Events are quick to explain: a reply has been received to a message beamed twenty years ago into deep space. The original message contained information about the human race, including specifications of its DNA code. The reply received contains an alien DNA sequence together with instructions, deemed friendly, on how it could be combined with our own. They are followed and the outcome is an apparently normal female child, whom the scientists call Sil.

Excepting that her development has been extraordinarily accelerated, she seems an apparently normal 13-year-old, until spines are noticed growing out of her back during sleep and her makers determine that she is something more than a budding teenager.

It is time to terminate the six-week-old experiment. It's too late, for she has already surpassed them. Crashing out of her glass bubble, with instincts for self-preservation uppermost, she jumps onto a train and roars out of the Utah desert, away from the compound where she was hatched.

Tracking her down becomes the plot line imperative.

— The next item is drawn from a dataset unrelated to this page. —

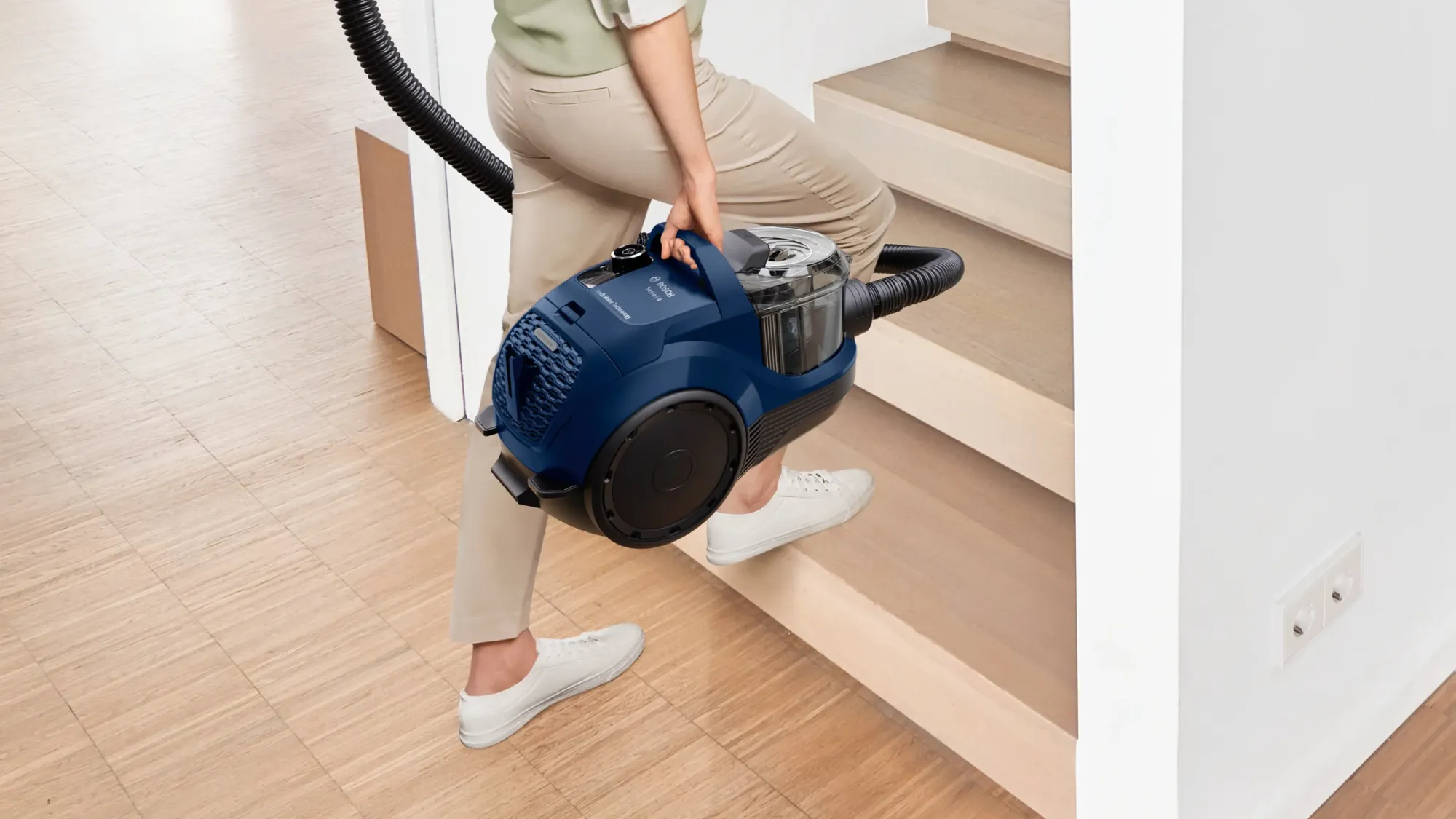 Série 4 Aspirateur sans sac Bleu BGS21X320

In science fiction, tradition has it that wherever there is a bizarre experiment there is a mad scientist behind it with something to answer for. In Species, the suggestion is that it is chief scientist Ben Kingsley's Xavier Fitch, with features reassembled to look like the masterful and objective face of science. He is the team-leader responsible for creating Sil. His responsibility quickly switches to eliminating her and he heads a team of experts brought together to help track her down.

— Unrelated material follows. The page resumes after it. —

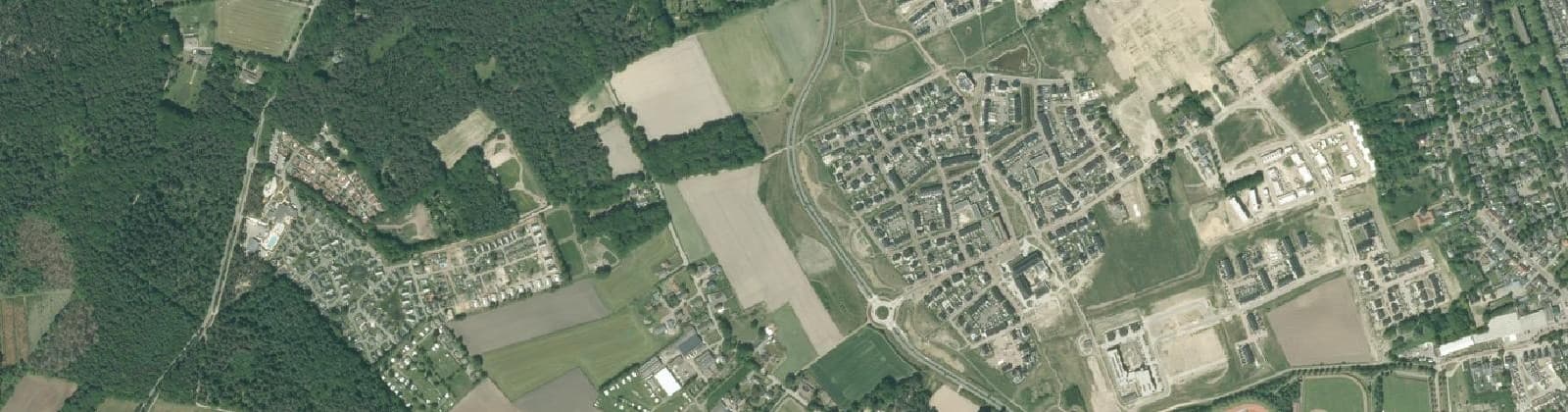 Luchtfoto van Verspreide huizen Zittard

The team drawn to track Sil down are easier to relate to. They are Michael Madsen as a former Marine specialist in extermination, with Alfred Molina as a gentle anthropology professor and authority in cross-cultural behavior, Marg Helgenberger as a molecular biologist and the Forest Whitaker character as a psychic or "empathy" with the intuitive ability to understand other people, including those who are only half-human.

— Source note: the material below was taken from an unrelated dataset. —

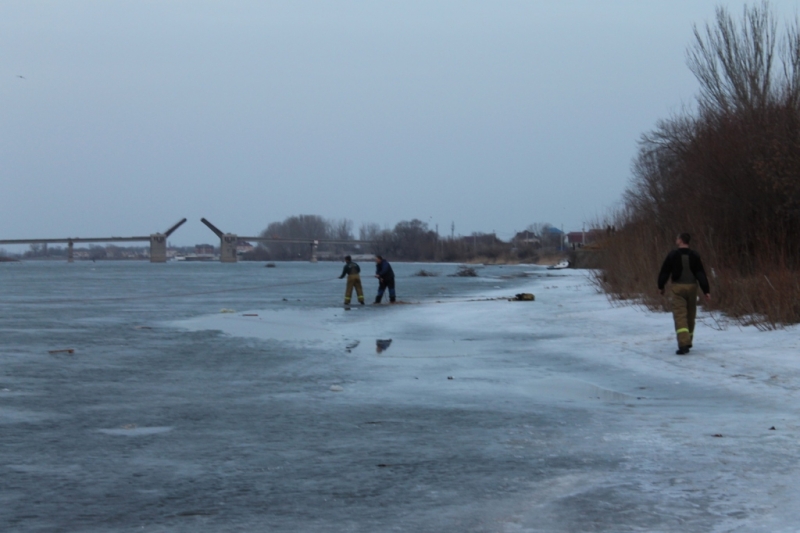 В Астрахани двое молодых людей провалились под лед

Sil is an ambiguous enemy, predatory but sometimes having the appearance of the prey, not entirely the monster easy to fear and hate. Whether she is precisely a cyborg -- in science fiction generic terms, this is the combination of man and machine, like our good friend Arnold Schwarzenegger's Terminator, or the "replicants" in Ridley Scott's Blade Runner -- she is precisely the result of human manipulation in reproduction technology.

Her ambiguity as a creature half-human and half-other challenges the boundaries that we thought existed between ourselves and the alien. It is Species' paradox that Sil is hard to hate, the team members agree, and easy to feel some sympathy for the young creature being hunted down.

When Sil has finally been put to rest (or has she?), how can we account for such mayhem? Fear of the future, fear of the unknown and fear of ourselves and our capabilities? A tradition of many science fiction films is to critique science and technology, and sure enough, it is here too. Science has been at it again, flouting the natural laws and tampering with life's precious balance. On this occasion it is not disturbing the natural environment but disturbing natural process by conducting experiments in reproductive technology. The critique is at least as established as Mary Shelley's Frankenstein.

Under New Zealander Donaldson's direction, Species barrels along with all the energy of an action drama. No waltz in space this one, Stanley Kubrick style! And thank heavens there is little sentiment, Spielberg style. The screenplay is a bit disappointing; so much more could have been drawn from this interesting idea. What if communication is received from other life in space? How will we respond? And some of the parts are underwritten -- Ben Kingsley's in particular, is a potentially interesting character, from whom we have very little indeed.

However, Species is to be recommended. It is held tightly together, is nimble and sure-footed. Looks good too. Even if Species is somewhat derivative and you have seen it all already -- all the terminators, the aliens and the blade runners -- Species should still get under your skin.